Effective development of Ukraine agricultural will require an annual investment of $5bn for the next ten years said Oleg Ustenko, Executive Director of the Bleyzer Foundation.
I'm glad he said that because from my back of an envelope calculation I have always said Ukraine needs $50bn to make it a true farming powerhouse.
Mr Ustenko goes on to report that foreign investors are unwilling to invest in Ukraine because of the high level of corruption, administrative barriers and imperfections of the judicial system.
I agree that investors are unwilling invest but I would argue that the level of risk they associate with various issues is over-exaggerated and misplaced.
Investing in farming in Ukraine carries three basic areas of risks.
First there are agronomic problems associated with the weather, particularly cold and drought. What farmers do is mitigate the impact of weather by growing suitable crops, encouraging deep root growth and providing an ideal environment for plants to grow healthy and strong.

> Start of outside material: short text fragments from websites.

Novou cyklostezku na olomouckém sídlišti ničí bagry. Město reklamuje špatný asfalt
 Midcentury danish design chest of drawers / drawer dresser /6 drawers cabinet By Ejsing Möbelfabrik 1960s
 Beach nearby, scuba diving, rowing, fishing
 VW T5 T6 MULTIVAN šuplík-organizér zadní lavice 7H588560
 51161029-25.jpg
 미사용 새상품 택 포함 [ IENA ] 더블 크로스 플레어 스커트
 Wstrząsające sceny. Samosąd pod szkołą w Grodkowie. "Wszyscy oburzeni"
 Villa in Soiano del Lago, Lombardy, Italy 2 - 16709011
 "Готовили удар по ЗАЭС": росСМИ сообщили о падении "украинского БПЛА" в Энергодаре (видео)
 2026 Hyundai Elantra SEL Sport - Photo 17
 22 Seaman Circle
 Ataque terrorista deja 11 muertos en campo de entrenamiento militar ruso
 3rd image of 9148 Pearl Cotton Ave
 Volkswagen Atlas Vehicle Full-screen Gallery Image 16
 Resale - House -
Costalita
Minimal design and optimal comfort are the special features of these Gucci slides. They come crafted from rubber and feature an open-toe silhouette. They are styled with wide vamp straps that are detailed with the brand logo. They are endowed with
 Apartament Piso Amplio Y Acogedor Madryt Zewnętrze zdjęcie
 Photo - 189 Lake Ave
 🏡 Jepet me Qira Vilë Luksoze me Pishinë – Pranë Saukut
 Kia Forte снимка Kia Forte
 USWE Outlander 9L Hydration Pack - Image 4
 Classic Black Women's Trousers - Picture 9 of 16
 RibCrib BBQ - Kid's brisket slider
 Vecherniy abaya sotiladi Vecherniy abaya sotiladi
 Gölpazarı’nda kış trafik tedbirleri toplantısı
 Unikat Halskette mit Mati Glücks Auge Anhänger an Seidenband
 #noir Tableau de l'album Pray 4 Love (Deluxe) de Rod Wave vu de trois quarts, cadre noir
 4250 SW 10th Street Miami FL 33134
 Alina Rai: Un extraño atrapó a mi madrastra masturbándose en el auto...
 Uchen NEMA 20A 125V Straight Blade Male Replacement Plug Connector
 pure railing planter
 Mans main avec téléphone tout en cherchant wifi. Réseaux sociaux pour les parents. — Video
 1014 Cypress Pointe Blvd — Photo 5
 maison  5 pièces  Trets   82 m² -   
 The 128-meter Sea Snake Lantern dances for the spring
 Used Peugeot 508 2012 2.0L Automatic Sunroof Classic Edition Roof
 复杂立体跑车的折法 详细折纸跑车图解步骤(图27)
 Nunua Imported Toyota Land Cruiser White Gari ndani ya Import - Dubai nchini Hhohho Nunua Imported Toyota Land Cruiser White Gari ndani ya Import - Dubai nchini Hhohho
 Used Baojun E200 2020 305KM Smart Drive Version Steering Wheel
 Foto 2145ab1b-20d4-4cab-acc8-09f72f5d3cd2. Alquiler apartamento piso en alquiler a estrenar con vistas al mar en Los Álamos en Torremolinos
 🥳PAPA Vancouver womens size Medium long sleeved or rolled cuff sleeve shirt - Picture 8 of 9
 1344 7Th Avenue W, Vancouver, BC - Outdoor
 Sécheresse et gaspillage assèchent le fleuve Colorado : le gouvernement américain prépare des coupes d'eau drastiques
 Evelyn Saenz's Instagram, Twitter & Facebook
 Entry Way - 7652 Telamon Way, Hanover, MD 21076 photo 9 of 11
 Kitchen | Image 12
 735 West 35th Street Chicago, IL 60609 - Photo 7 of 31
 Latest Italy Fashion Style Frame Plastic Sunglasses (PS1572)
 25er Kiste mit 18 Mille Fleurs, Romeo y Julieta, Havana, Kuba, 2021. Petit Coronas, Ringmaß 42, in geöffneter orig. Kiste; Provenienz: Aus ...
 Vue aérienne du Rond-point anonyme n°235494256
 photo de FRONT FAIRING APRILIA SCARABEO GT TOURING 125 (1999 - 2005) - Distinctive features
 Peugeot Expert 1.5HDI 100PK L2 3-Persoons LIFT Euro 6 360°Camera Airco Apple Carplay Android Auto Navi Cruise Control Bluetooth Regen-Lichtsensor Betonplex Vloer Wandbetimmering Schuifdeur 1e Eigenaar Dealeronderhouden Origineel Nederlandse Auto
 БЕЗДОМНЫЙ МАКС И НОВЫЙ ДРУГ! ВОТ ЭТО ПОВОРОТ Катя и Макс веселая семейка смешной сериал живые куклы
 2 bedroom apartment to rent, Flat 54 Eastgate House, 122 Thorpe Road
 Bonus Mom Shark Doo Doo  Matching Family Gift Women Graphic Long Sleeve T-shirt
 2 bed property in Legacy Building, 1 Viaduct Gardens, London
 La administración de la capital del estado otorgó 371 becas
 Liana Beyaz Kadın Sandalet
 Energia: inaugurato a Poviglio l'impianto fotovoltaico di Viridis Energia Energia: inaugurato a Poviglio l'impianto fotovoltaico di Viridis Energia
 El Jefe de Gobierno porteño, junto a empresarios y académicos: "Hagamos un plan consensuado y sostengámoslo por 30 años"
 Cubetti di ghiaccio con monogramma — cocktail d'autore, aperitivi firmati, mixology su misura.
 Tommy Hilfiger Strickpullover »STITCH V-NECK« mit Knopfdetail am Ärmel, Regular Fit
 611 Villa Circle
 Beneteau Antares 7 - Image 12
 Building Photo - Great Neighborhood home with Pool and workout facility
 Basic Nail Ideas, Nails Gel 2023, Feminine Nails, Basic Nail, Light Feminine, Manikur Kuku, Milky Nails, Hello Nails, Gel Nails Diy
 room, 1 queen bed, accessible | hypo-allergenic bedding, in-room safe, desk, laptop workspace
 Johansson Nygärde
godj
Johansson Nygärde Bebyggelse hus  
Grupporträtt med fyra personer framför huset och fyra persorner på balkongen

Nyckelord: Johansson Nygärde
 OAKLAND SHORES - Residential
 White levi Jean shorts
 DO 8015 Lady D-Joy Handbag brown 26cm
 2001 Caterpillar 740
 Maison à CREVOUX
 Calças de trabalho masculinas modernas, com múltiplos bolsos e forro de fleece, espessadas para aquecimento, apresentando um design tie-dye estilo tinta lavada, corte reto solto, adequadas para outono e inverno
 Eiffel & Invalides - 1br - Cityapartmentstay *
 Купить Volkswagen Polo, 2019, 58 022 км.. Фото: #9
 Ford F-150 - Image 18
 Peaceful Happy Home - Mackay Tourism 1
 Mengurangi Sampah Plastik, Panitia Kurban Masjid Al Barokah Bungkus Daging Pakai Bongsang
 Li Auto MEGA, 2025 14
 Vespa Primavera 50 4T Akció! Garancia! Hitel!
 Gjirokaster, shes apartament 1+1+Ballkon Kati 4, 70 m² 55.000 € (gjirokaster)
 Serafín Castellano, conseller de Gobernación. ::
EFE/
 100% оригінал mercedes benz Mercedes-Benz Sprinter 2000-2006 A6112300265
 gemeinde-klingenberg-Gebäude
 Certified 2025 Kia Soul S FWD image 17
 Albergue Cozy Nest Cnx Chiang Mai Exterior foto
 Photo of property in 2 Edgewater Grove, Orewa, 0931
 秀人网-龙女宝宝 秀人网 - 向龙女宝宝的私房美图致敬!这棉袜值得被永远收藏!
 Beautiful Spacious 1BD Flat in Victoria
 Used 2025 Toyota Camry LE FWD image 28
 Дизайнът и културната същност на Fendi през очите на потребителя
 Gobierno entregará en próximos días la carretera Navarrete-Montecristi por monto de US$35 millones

Farmers are well used to the idea that farming is a production process in a factory without a roof.
Then there is the perceived problem of theft and shrinkage. No one who knows anything about doing business in Ukraine would deny that theft is widespread but it is not necessarily as big a problem as perceived.
The trick here is to put in technology, systems and procedures to make it difficult to steal; you won’t eliminate it but you can limit it.
Then there is the all-encompassing issue of corruption. The subject of corruption requires a thesis of its own but for the sake of brevity I’ll keep to the idea that corruption is the local administration and government all over an investment trying to leverage brown envelopes.
Which is partly true in as much as they do hassle you and require a disproportionate amount of your time but the amount they ask for is a small part of an investment budget. And to be fair they are usually only asking for support for their budgets which is insufficient to provide for the local community, easier to think of it as an additional local tax.
All these risks can relatively easily be managed and mitigated and are not as big or unique a problem as perceived.
In my experience the main reason investments tend to implode is because investors make the wrong investment, under invest in key areas, underestimate the real costs, over expect yields and prices (particularly in the early years), refuse to listen to and act upon clear information and recommendations and create more problems than is really necessary.
I continue to advise that Ukraine is a sound long term agricultural investment opportunity.